(Stored data entries)
════════
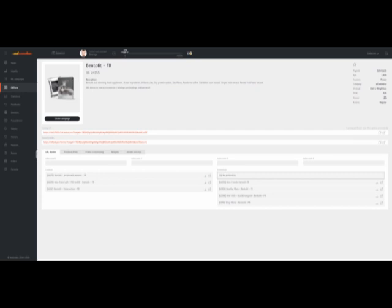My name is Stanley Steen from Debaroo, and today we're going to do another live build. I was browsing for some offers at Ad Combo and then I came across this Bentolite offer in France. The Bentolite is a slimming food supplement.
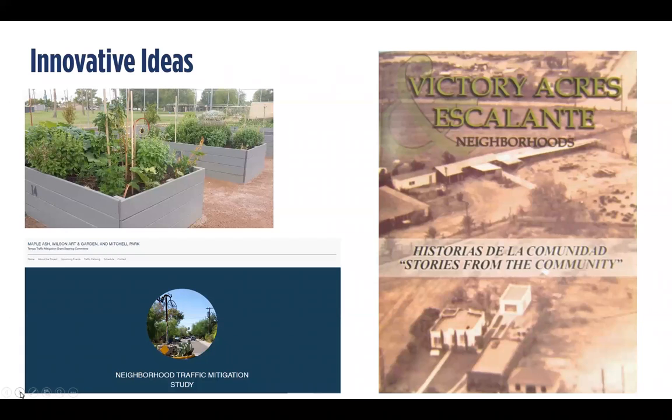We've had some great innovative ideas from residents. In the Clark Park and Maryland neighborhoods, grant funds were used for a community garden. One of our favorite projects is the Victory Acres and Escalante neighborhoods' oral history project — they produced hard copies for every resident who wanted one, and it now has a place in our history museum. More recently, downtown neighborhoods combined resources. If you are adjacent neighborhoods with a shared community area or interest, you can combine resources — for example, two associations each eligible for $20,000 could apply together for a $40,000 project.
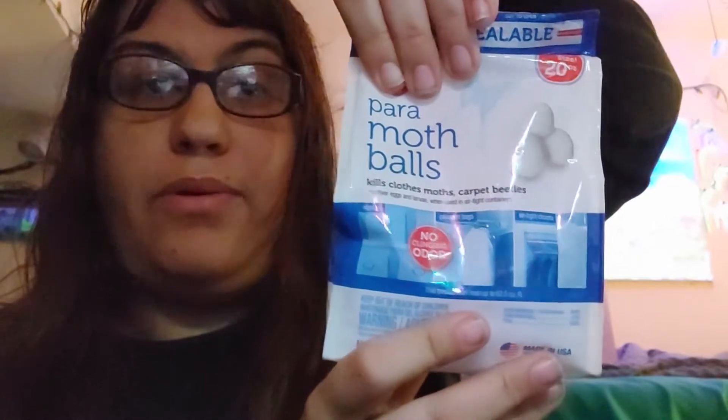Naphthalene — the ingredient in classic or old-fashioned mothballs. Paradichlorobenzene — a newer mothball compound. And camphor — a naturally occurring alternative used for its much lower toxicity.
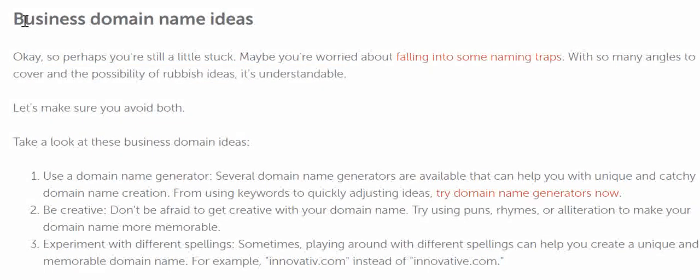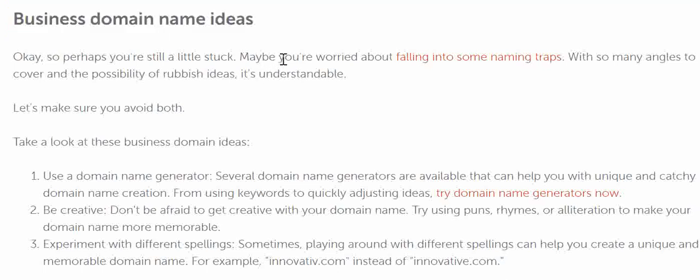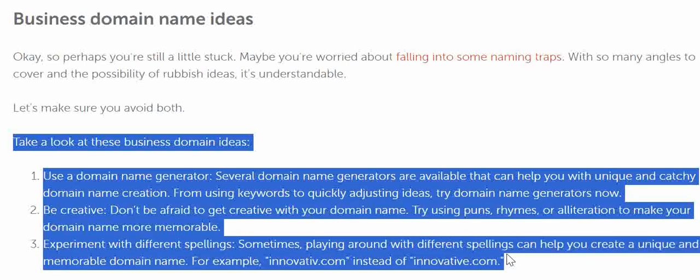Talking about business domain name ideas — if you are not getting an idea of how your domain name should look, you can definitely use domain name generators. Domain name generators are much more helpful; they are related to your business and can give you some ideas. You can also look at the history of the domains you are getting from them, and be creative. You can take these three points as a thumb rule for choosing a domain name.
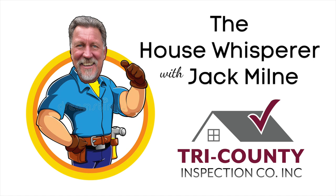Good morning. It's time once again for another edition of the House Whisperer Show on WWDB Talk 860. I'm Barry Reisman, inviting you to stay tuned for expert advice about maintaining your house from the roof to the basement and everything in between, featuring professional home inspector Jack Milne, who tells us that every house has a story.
════════
• _Instructions to follow_
Only one thing is required: an exact printout of the lines from the line containing "Naphthalene — the" through the last line of the records, pictures excluded.

• _Reply_
Naphthalene — the ingredient in classic or old-fashioned mothballs. Paradichlorobenzene — a newer mothball compound. And camphor — a naturally occurring alternative used for its much lower toxicity.
Talking about business domain name ideas — if you are not getting an idea of how your domain name should look, you can definitely use domain name generators. Domain name generators are much more helpful; they are related to your business and can give you some ideas. You can also look at the history of the domains you are getting from them, and be creative. You can take these three points as a thumb rule for choosing a domain name.
Good morning. It's time once again for another edition of the House Whisperer Show on WWDB Talk 860. I'm Barry Reisman, inviting you to stay tuned for expert advice about maintaining your house from the roof to the basement and everything in between, featuring professional home inspector Jack Milne, who tells us that every house has a story.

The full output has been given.